- _BRIEF_: The expected output is each line from the one containing "Beliani Corner Sofa" to the last line of the data below, set down exactly, minus the pictures.

- _GIVEN DATA_:
((
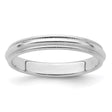 Sterling Silver Milgrain, Domed wedding band ring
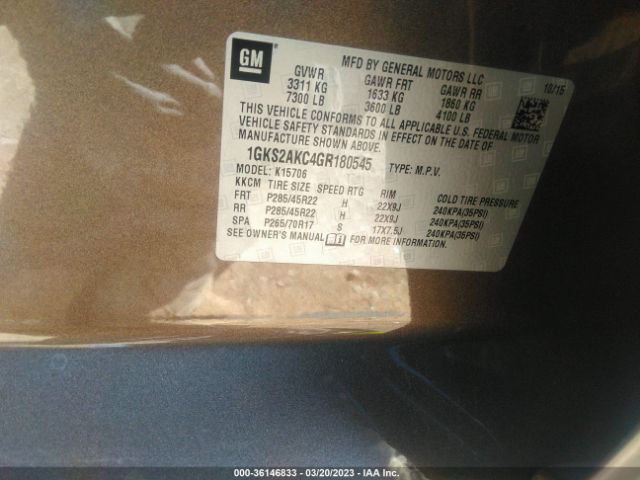 1GKS2AKC4GR180545 GMC YUKON SLE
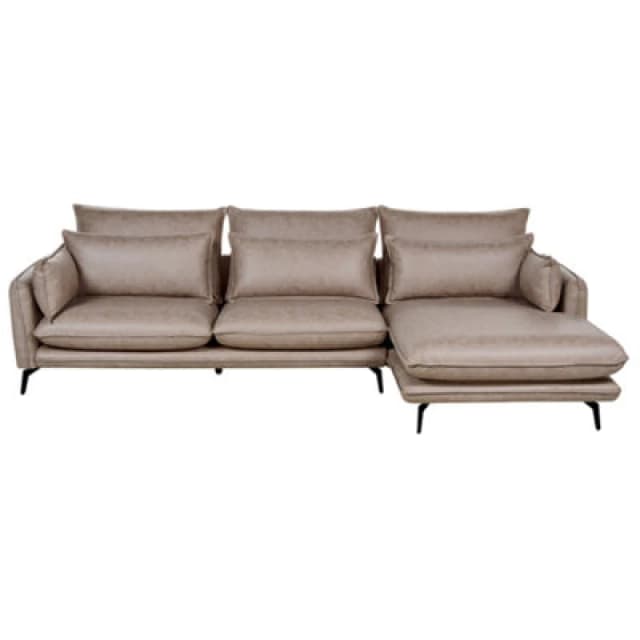 Beliani Corner Sofa 3 Seater Gallo Faux Suede Light Brown Left Hand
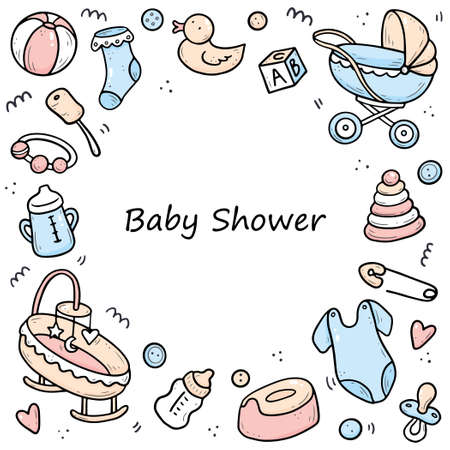Hand drawn frame of baby shower things, toy, rattle, milk bootle, clothes. Doodle sketch style. Baby element drawn by digital pen. Illustration for banner, background, frame design template.のイラスト素材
))
- _ANSWER SECTION_:
 Beliani Corner Sofa 3 Seater Gallo Faux Suede Light Brown Left Hand
Hand drawn frame of baby shower things, toy, rattle, milk bootle, clothes. Doodle sketch style. Baby element drawn by digital pen. Illustration for banner, background, frame design template.のイラスト素材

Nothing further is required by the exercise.